▸ Work to complete
Print out the data exactly, keeping every image out of it.

:: Dataset content

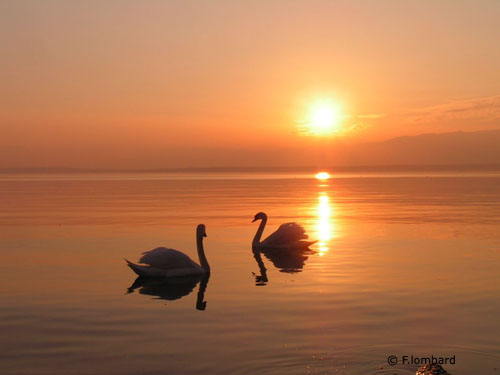 aucoeurduvivant cygne soleil eau elan sarro
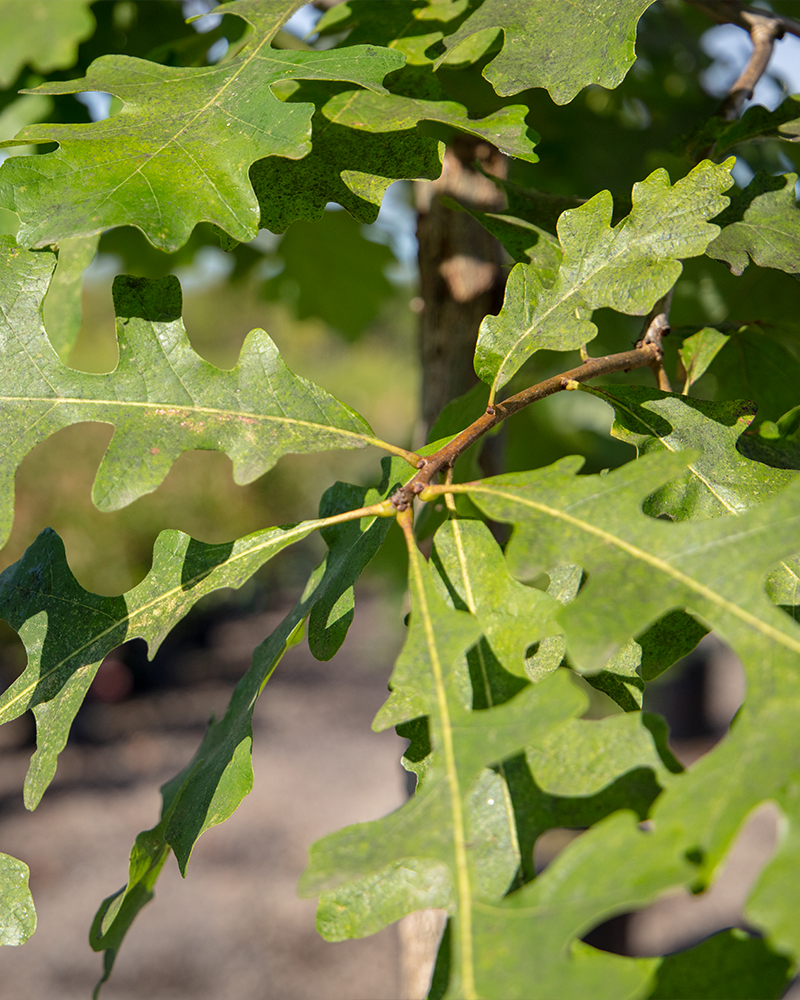Bur Oak #15<br><i>Quercus macrocarpa</br></i>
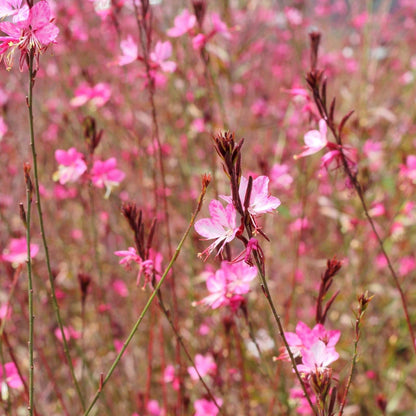 Clovers Garden Gaura Siskiyou Pink Plants - Two (2) Live Plants – Non-GMO - Not Seeds - Each 4" to 8" Tall – in 4" Inch Pots - Perennial, Pollinator Friendly, Continuous Blooms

::::

▸ Reply to the exercise
 aucoeurduvivant cygne soleil eau elan sarro
Bur Oak #15<br><i>Quercus macrocarpa</br></i>
 Clovers Garden Gaura Siskiyou Pink Plants - Two (2) Live Plants – Non-GMO - Not Seeds - Each 4" to 8" Tall – in 4" Inch Pots - Perennial, Pollinator Friendly, Continuous Blooms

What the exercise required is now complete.